I don't know if it's feasible for you, but if you can, try to take your kid to see a live rocket launch. The TV is grossly unable to display how awesome these things are in person.

Concur. My kids and watched a “small” Falcon 9 launch from the mainland park nearest the pad at Cape Canaveral. The noise alone was astonishing; bring binoculars to see detail.

And a landing! S Padre is great for kids and rockets.

For the more adventurous and/or bilingual the beaches on the Mexican side seem to have awesome views too.

The scale really is unfathomable for the human brain.

  • That's what I thought standing at the rim of the Grand Canyon. Pictures just do not do it justice. Same thing with Starship. My brain knows it's massive, yet feels underwhelmed looking at it on video. Musk should let his ego build replica Saturn V and a Shuttle next the Starship launch pad so there will be proper perspective available

    • Have you been to the rocket garden at KSC? The Saturn V isn't vertical, but they've got almost everything from the Redstone and later vertical. I was in Florida in 2018 and I think they were getting ready to display a pair of SRBs. They did have Atlantis inside, too. And of course a horizontal Saturn V.

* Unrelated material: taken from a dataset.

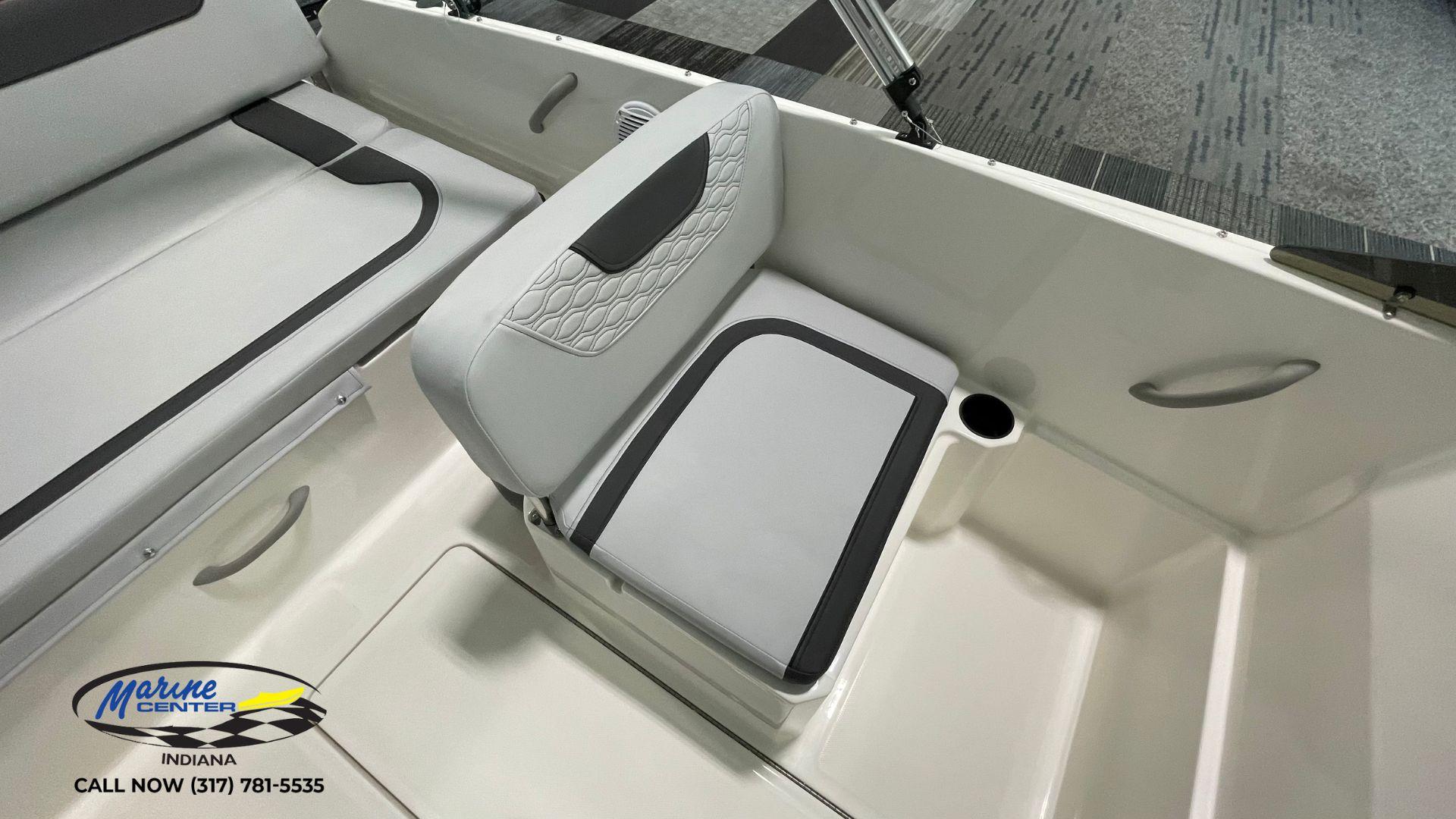 2024 Bayliner Element M19 - 15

      I saw that Saturn V as a child once, too. I think that the Saturn V really made me the person that I am today. Seeing something so huge, that is literally engineered down to every last tenth of a millimeter - that was profound for a young child. I could not believe how detailed that rocket was, yet so huge. There should be an engineering term for the size of a machine divided by the smallest critical engineered component of the machine. I don't think any machine would have beat that in the Saturn V's day - maybe some ocean liners?